ROW_NUMBER() — a window function that assigns a unique sequential number to each row.

Simple analogy: Like page numbering in a book or a queue at a store — everyone gets their own unique number in order.

Example:

-- Number all orders by date
SELECT
    id,
    amount,
    created_at,
    ROW_NUMBER() OVER(ORDER BY created_at DESC) as row_num
FROM orders;

-- Result:
-- id | amount | created_at | row_num
-- 5  | 100    | 2024-04-01 | 1
-- 4  | 200    | 2024-03-15 | 2
-- 3  | 150    | 2024-03-01 | 3

Common uses:

Row numbering in reports
Pagination
Finding the first/last record in a group
Removing duplicates

🟡 Middle Level

Syntax

ROW_NUMBER() OVER(
    PARTITION BY column1  -- Dividing into groups (optional)
    ORDER BY column2      -- Sorting within the group (required!)
)

Common patterns

1. Top-N for each group:

-- Latest 3 orders for each user
SELECT * FROM (
    SELECT
        user_id,
        amount,
        created_at,
        ROW_NUMBER() OVER(PARTITION BY user_id ORDER BY created_at DESC) as rn
    FROM orders
) sub
WHERE rn <= 3;

2. Deduplication:

-- Keep only the latest version of each record
WITH ranked AS (
    SELECT id, email, created_at,
           ROW_NUMBER() OVER(PARTITION BY email ORDER BY created_at DESC) as rn
    FROM users
)
DELETE FROM users WHERE id IN (SELECT id FROM ranked WHERE rn > 1);

3. Pagination:

-- Page 3, 20 records per page
SELECT * FROM (
    SELECT id, name,
           ROW_NUMBER() OVER(ORDER BY id) as rn
    FROM users
) sub
WHERE rn BETWEEN 41 AND 60;

Nondeterminism — an important trap!

-- ❌ PROBLEM: if there are users with the same created_at
SELECT id, name, created_at,
       ROW_NUMBER() OVER(ORDER BY created_at DESC) as rn
FROM users;
-- The order of rows with the same created_at is NOT guaranteed!

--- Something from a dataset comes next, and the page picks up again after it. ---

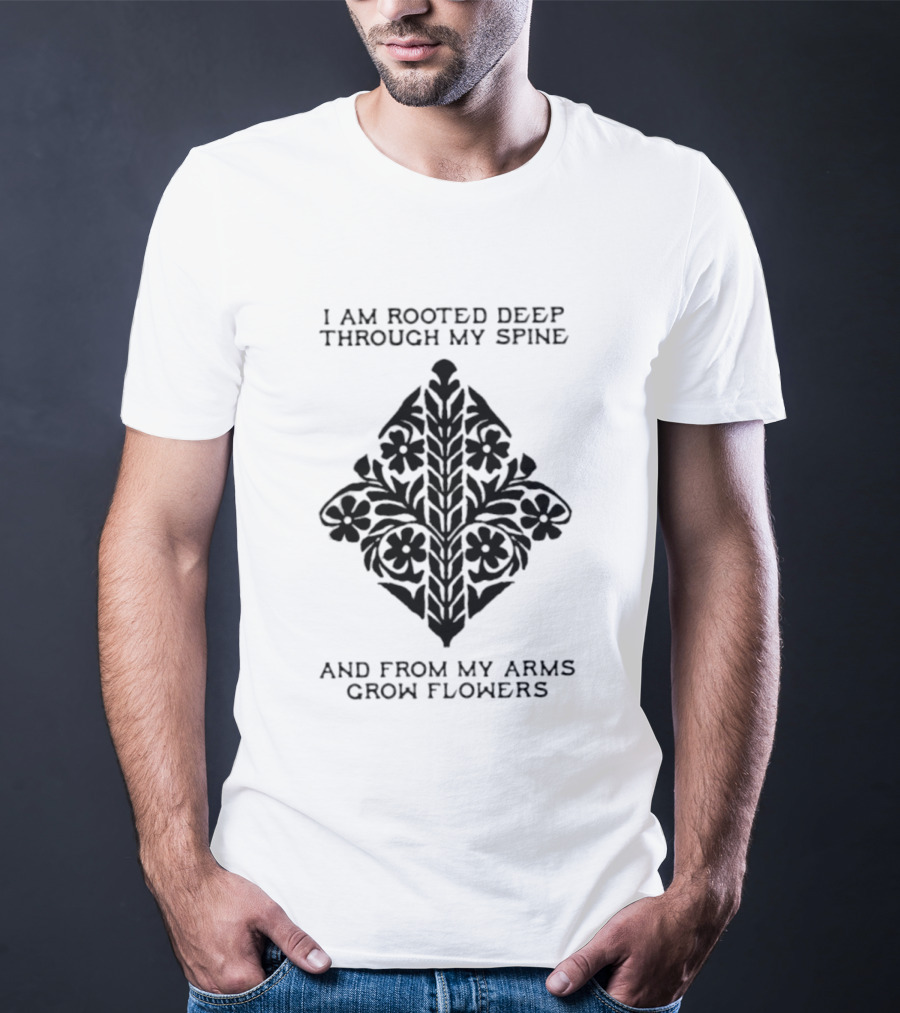 I Am Rooted Deep Through My Spine And From My Arms Grow Flowers Black Floral T-Shirt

-- ✅ SOLUTION: add a unique column
SELECT id, name, created_at,
       ROW_NUMBER() OVER(ORDER BY created_at DESC, id DESC) as rn
FROM users;
-- id guarantees a unique order

ROW_NUMBER vs COUNT(*) OVER()

-- ROW_NUMBER() — cheap (just increments a counter)
SELECT id, name, ROW_NUMBER() OVER() as rn FROM users LIMIT 10;

-- COUNT(*) OVER() — expensive (reads ALL rows in the partition)
SELECT id, name, COUNT(*) OVER() as total FROM users LIMIT 10;
-- ⚠️ Despite LIMIT 10, the database will read ALL users!

Common mistakes

Filtering in the same query

-- ❌ ERROR: WHERE can't see rn
SELECT id, ROW_NUMBER() OVER(ORDER BY id) as rn
FROM users
WHERE rn <= 10;  -- Error: column "rn" does not exist

-- ✅ Subquery or CTE
SELECT * FROM (
    SELECT id, ROW_NUMBER() OVER(ORDER BY id) as rn FROM users
) sub WHERE rn <= 10;

Forgot ORDER BY

-- ❌ Syntax error
ROW_NUMBER() OVER(PARTITION BY user_id)

-- ✅ ORDER BY is required
ROW_NUMBER() OVER(PARTITION BY user_id ORDER BY created_at)

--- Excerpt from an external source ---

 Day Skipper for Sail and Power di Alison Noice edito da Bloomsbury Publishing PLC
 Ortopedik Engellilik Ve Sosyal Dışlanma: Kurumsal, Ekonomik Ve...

Comparison with alternatives

Function	Uniqueness	Handling equal values
ROW_NUMBER()	✅ Always	Arbitrarily numbers them
RANK()	❌ No	Equal values = same rank, then skip
DENSE_RANK()	❌ No	Equal values = same rank, no skips

When NOT to use ROW_NUMBER

For aggregations (COUNT, SUM, AVG) — use window aggregate functions instead
For ranking with ties — use RANK or DENSE_RANK instead
For API pagination on large tables (> 1M rows) — use Keyset Pagination (WHERE id > ?)

🔴 Senior Level

Physical optimization: eliminating Sort

Key insight: If the data is already sorted, PostgreSQL skips the Sort phase!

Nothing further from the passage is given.